Running on amazon-linux: Amazon Linux AMI 2017.09.0.20170930 x86_64 HVM and running inside docker container with 9200 and 9300 exposed and bound to the host.

Here are the logs:

[2017-11-16T22:16:59,063][INFO ][o.e.n.Node               ] [] initializing ...
[2017-11-16T22:16:59,142][INFO ][o.e.e.NodeEnvironment    ] [UwrqR1o] using [1] data paths, mounts [[/usr/share/elasticsearch/data (/dev/xvda1)]], net usable_space [100.0gb], net total_space [100.0gb], types [ext4]
[2017-11-16T22:16:59,142][INFO ][o.e.e.NodeEnvironment    ] [UwrqR1o] heap size [15.9gb], compressed ordinary object pointers [true]
[2017-11-16T22:16:59,144][INFO ][o.e.n.Node               ] node name [UwrqR1o] derived from node ID [UwrqR1onT0K2wTs2IYxA2A]; set [node.name] to override
[2017-11-16T22:16:59,144][INFO ][o.e.n.Node               ] version[6.0.0], pid[1], build[8f0685b/2017-11-10T18:41:22.859Z], OS[Linux/4.9.58-18.55.amzn1.x86_64/amd64], JVM[Oracle Corporation/OpenJDK 64-Bit Server VM/1.8.0_151/25.151-b12]
[2017-11-16T22:16:59,144][INFO ][o.e.n.Node               ] JVM arguments [-Xms1g, -Xmx1g, -XX:+UseConcMarkSweepGC, -XX:CMSInitiatingOccupancyFraction=75, -XX:+UseCMSInitiatingOccupancyOnly, -XX:+AlwaysPreTouch, -Xss1m, -Djava.awt.headless=true, -Dfile.encoding=UTF-8, -Djna.nosys=true, -XX:-OmitStackTraceInFastThrow, -Dio.netty.noUnsafe=true, -Dio.netty.noKeySetOptimization=true, -Dio.netty.recycler.maxCapacityPerThread=0, -Dlog4j.shutdownHookEnabled=false, -Dlog4j2.disable.jmx=true, -XX:+HeapDumpOnOutOfMemoryError, -Des.cgroups.hierarchy.override=/, -Xms16g, -Xmx16g, -Des.path.home=/usr/share/elasticsearch, -Des.path.conf=/usr/share/elasticsearch/config]
[2017-11-16T22:17:00,963][INFO ][o.e.p.PluginsService     ] [UwrqR1o] loaded module [aggs-matrix-stats]
[2017-11-16T22:17:00,963][INFO ][o.e.p.PluginsService     ] [UwrqR1o] loaded module [analysis-common]
[2017-11-16T22:17:00,963][INFO ][o.e.p.PluginsService     ] [UwrqR1o] loaded module [ingest-common]
[2017-11-16T22:17:00,964][INFO ][o.e.p.PluginsService     ] [UwrqR1o] loaded module [lang-expression]

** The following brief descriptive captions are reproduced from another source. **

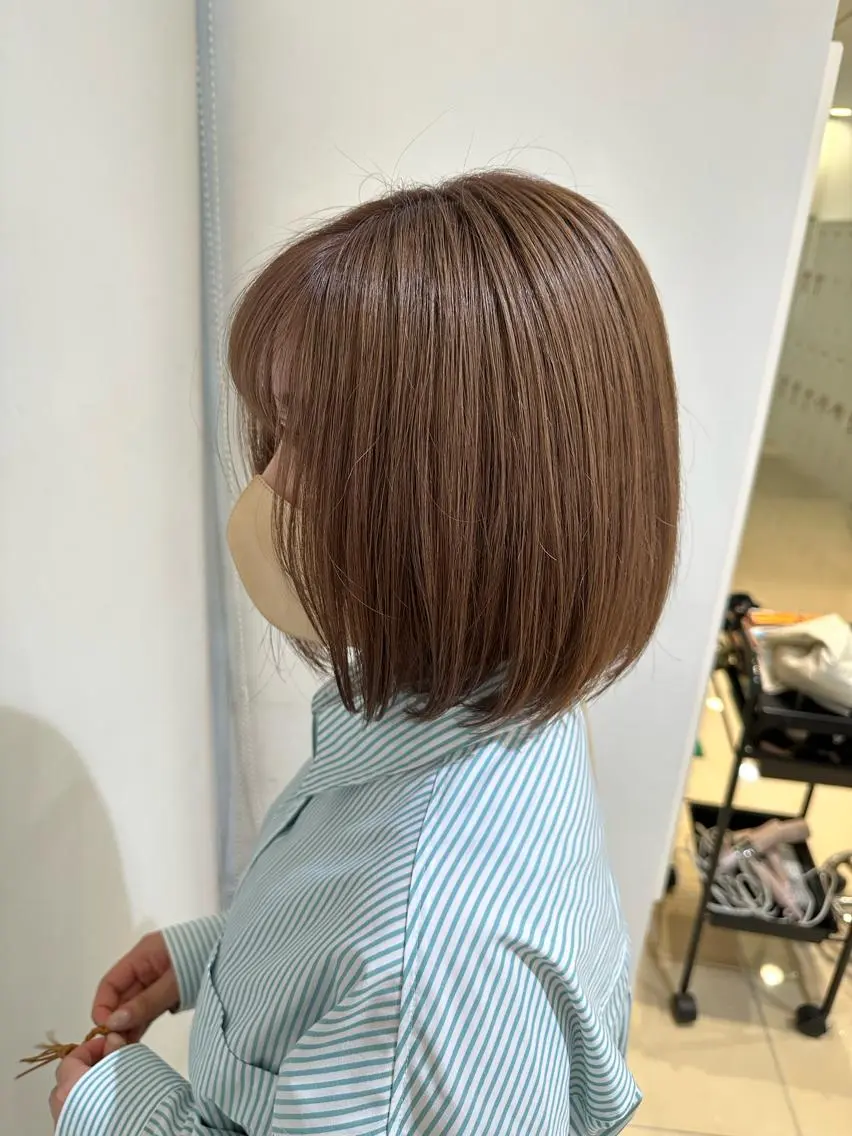 ショート ボブ ヘアカラー 柔らか透明感カラー/ 内田圭祐のヘアスタイル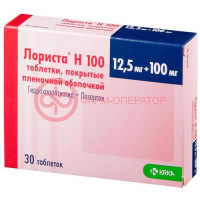 Лориста н 100 таблетки покрытые пленочной оболочкой 12.5мг + 100мг №30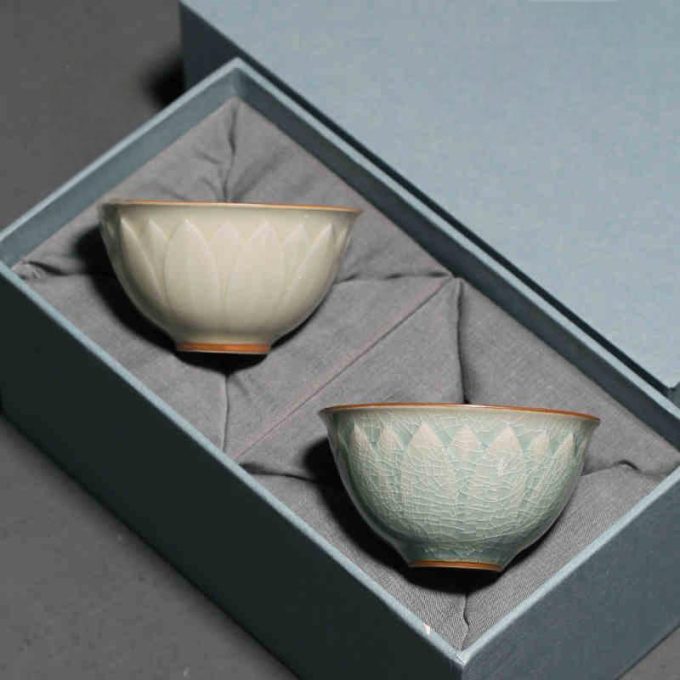 Lotus Relief Celadon Tea Cups Set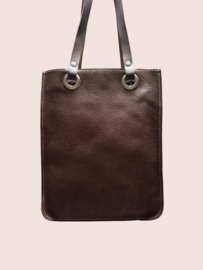 Donkerbruine leren shopper Fien met koeienvacht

[2017-11-16T22:17:00,964][INFO ][o.e.p.PluginsService     ] [UwrqR1o] loaded module [lang-mustache]
[2017-11-16T22:17:00,964][INFO ][o.e.p.PluginsService     ] [UwrqR1o] loaded module [lang-painless]
[2017-11-16T22:17:00,964][INFO ][o.e.p.PluginsService     ] [UwrqR1o] loaded module [parent-join]
[2017-11-16T22:17:00,964][INFO ][o.e.p.PluginsService     ] [UwrqR1o] loaded module [percolator]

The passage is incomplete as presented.